第8話奇跡の花
「イテテテ、ここどこだろ?」
身体を起こしながメルが呟く。隣には少女が横たわっている。
それに気付いたメルは、慌てた様子で少女の肩を揺する。
「ねえ君!大丈夫!?」
アタフタと尋ねるメル。
すると、うーんという声と共に少女が目を開けた。
ひとまず安心したメルは、辺りを見渡す。
周りは高い氷の壁に囲まれていてドーム状になっている様だ。上を見ると、天井に穴が空いて、光が差しこんでいる。どうやら、2人が乗った事で一部抜けた様だ。
そこからキャプテンの声が聞こえてくる。
「おーーい!2人とも!無事かー!!」
珍しく焦った様な声に少し笑いながら、大丈夫だよと応える。
さてこの状況、どうしよう? と考えていると、少女があっ! と声を上げる。
どうしたのかとメルが目を向けると、少女は一点を指差している。
その先には、氷の様に透き通った花弁を持つ、一輪の花が咲いていた。
「これが奇跡の花なの?」
そう呟き、少女は花に歩み寄る。その後にメルも続く。
壁際にひっそりと咲いているそれは微かに光り、繊細なガラス細工の様だった。薔薇の様に幾重にも折り重なった花弁は透き通り、触れれば崩れてなくなってしまう。そんな儚さを持つ花だった。
「本当にあったんだ。やっと見つけた。良かった。」
そう呟く少女は、瞳を潤ませ、その場に膝をつく。これで父が助かるという安心感からか、涙が溢れて止まらない。

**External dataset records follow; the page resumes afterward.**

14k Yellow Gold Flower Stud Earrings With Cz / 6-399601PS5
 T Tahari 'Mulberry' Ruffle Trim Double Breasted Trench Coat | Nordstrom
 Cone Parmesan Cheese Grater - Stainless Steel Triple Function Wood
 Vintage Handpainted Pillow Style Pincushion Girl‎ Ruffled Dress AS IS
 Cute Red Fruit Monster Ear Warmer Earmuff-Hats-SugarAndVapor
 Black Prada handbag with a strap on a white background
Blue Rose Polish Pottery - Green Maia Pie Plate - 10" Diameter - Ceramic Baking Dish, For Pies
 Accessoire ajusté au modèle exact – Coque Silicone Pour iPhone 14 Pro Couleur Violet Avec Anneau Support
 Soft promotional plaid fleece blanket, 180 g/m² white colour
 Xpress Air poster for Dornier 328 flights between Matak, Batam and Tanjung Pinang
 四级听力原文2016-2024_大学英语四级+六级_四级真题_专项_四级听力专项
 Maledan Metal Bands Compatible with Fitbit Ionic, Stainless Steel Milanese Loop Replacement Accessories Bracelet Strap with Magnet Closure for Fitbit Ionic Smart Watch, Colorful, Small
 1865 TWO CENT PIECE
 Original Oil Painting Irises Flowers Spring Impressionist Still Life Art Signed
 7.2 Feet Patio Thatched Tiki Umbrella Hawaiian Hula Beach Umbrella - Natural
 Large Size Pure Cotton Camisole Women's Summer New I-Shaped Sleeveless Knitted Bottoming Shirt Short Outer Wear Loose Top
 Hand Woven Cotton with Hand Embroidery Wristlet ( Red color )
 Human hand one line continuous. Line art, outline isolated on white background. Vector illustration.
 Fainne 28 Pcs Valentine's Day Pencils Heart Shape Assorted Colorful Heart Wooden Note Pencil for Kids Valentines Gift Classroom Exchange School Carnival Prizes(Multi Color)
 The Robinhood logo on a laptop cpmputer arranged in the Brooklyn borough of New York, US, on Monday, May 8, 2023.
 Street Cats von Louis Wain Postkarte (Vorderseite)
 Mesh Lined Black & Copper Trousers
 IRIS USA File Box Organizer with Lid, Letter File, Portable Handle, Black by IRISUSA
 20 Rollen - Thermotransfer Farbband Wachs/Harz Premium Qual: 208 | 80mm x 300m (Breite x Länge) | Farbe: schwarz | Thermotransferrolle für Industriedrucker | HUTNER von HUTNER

隣にしゃがんだメルは、その様子に、良かったねと声をかける。
自分も、胸の奥から熱いものが込み上げて来るのを感じた。
そしてふと、メルは花の後ろの壁に目を向ける。何故そこが気になったのか、本人にも分からない。
そこには、氷に包まれた石碑が見える。
ー親愛なる君へ いつか来る日に この花を捧げるー
石碑にはそう書かれていた。それを読んだメルの脳裏には、不思議な景色がよぎる。
それは緑に囲まれた山だった。辺りは花が咲き誇り、木々が生い茂る。鳥がさえずり、生命に満ち溢れた場所だ。
サラサラと清流の流れる小川があり、近くに小屋が建っている。
その場所にポツンと石碑があり、側には誰かが佇んでいる。姿ははっきり分からないが、石碑に何か書き込んでいる様だ。
ふと顔を上げ、その人は振り返り、こちらを見た。
そして優しく微笑んで言った。
「(お帰り、愛しい君。覚えているかな?)」
少女の呼び声で、メルはハッと我に帰った。
「メル、大丈夫?どこか具合悪いの?」
心配そうに覗き込む少女に、大丈夫だよと答える。
さっきのは何だったのか、考えるのは後にしよう。そう思い、メルは立ち上がる。